Somehow, these drawings strike me as uncanny. I can't pinpoint it, but I think it's the fact that the faces are so large. The facial features seem kinda lost in them.
Also, the varying degree of realism. You're trying really hard with the eyes while having barely any shading or dynamics. I don't think a tutorial for facial expression helps that much before you've got the face itself down. Start slowly.
To be honest... I'm alot better at the writing part (or so I'd like to believe) and I just drew these so I wouldn't have to rely on outside images while visualizing my characters and their (very rough) appearance.
To be honest, I'm not entirely sure I should have lumped them in with what I label my "good stuff". Mostly it was an outgrowth of not finding any good face templates for the facial tattoo designs I'm assigning to the Leng Viet.
(If I have been a tactless pillock and/or made dumb blanket statements at any point in this, please inform me.
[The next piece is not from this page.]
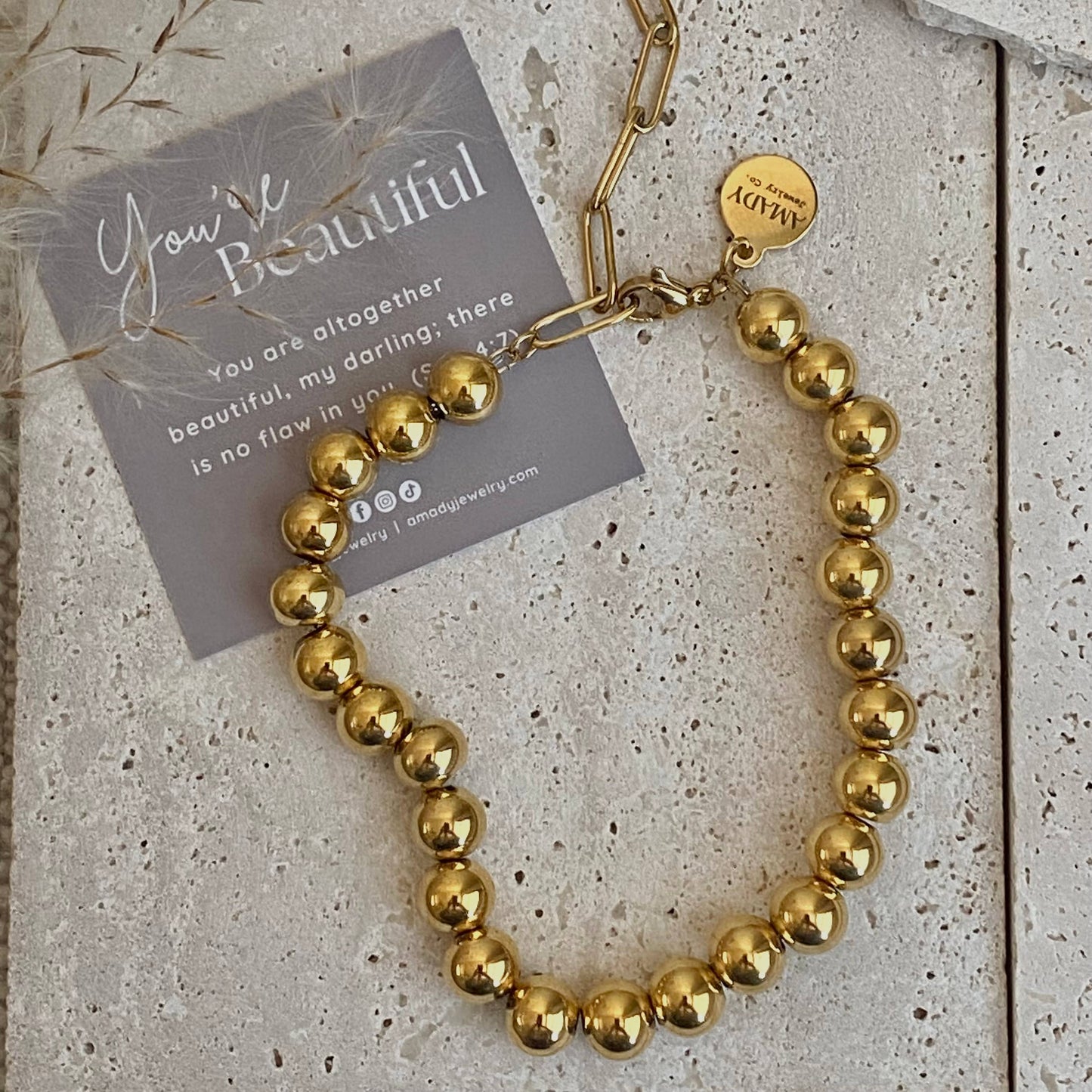 Bold Beaded Bracelet 18k Gold Plated 8mm stainless steel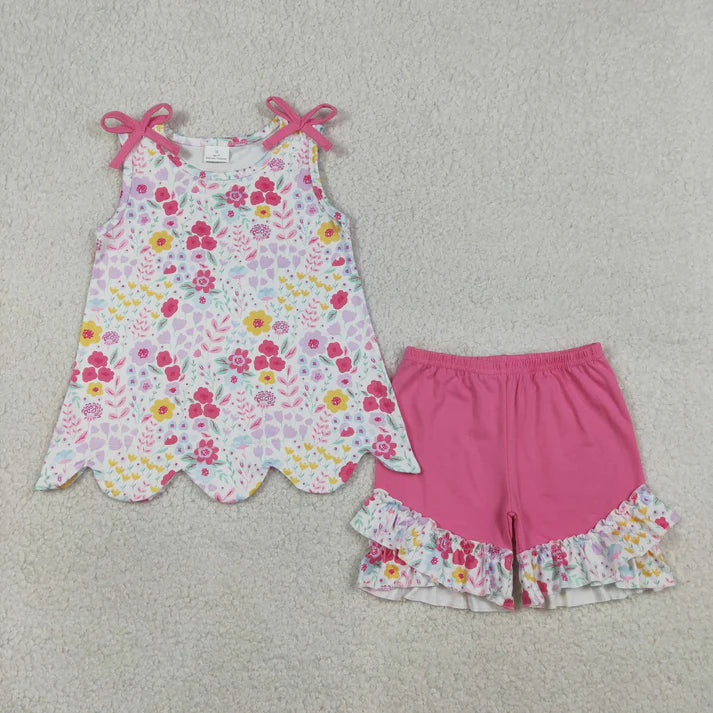 Sibling Baby Girls Colorful Flowers Scallop Tunic Ruffle Short Clothes Sets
Concrit the concrit, so to speak.)
As an amateur artist myself, and as an artist who specializes in drawing face both from the front and in profile, I say this: Look at people's faces. For eye placement, look at people's faces. Look at tutorials for how to draw the human face written by people who show knowledge of how the body is put together in real life. Eyes are, approximately, in the middle of the head. The 'upside-down egg' way of drawing the head from the front is one I've found works, as well as drawing a circle and then the jaw. I draw guidelines through the horizontal and vertical middles and it helps keeps things in place. I look at tutorials, I watch tutorials, and I practice imitating what I see.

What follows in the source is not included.